日本には過去20年間の潤沢な蓄えがあり、震災がそれを発揮する契機になる。過去20年間の蓄えとは、円高とデフレである。
円高とデフレは、日本の賃金、株や不動産などの資産価格において本来価値(Value)からかけ離れた低市場価格(Price)を形成せしめた。価値と市場価格の差額は蓄えと言え、いずれ賃金上昇、株高となって戻ってくる。
震災後の適切なリフレ政策が実施され、賃金と資産価格が本来の価値を取り戻せば、賃金上昇と株高が起こり、日本経済を長期停滞から救出するだろう。
円安で賃金デフレは終わる
労働の価格は為替によって変化する。しかし、労働の価値は生産性によって決まるのであり、為替が変わっても不変である。だとすると、為替水準が変化することによって労働の価値と価格の間にギャップが生まれる。そうしたギャップが各国の国民経済に賃上げか、あるいは賃下げかの圧力を与える。

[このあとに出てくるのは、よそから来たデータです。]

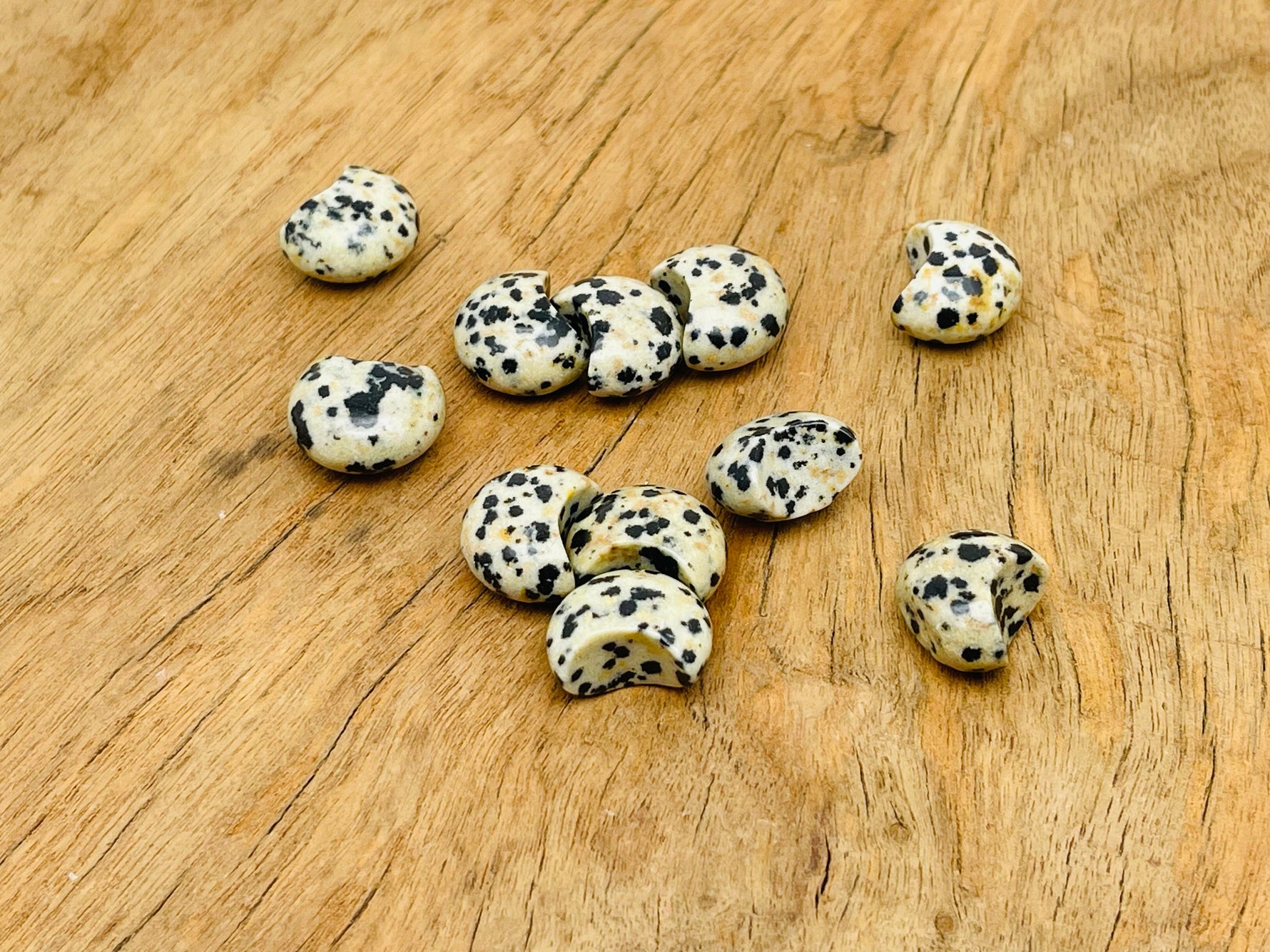 Dalmatian Jasper gemstone moon puffy charm, 15x9mm, with distinctive black spots on cream-colored stone, from GemstoneGO.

「失われた20年」の主因である長期にわたる賃金下落は、労働生産性を上回る円高によって日本の賃金水準が国際水準から見て非常に高くなり、引き下げる圧力が働き続けたためと考えられる。その結果、日本の労働者だけが、生産性上昇の果実を享受できなかったのである。
しかし1ドル100円になれば、日本の賃金には2割の上昇圧力が与えられる。日本の労働者は労働の価値に見合う価格を受け取ることができるようになる。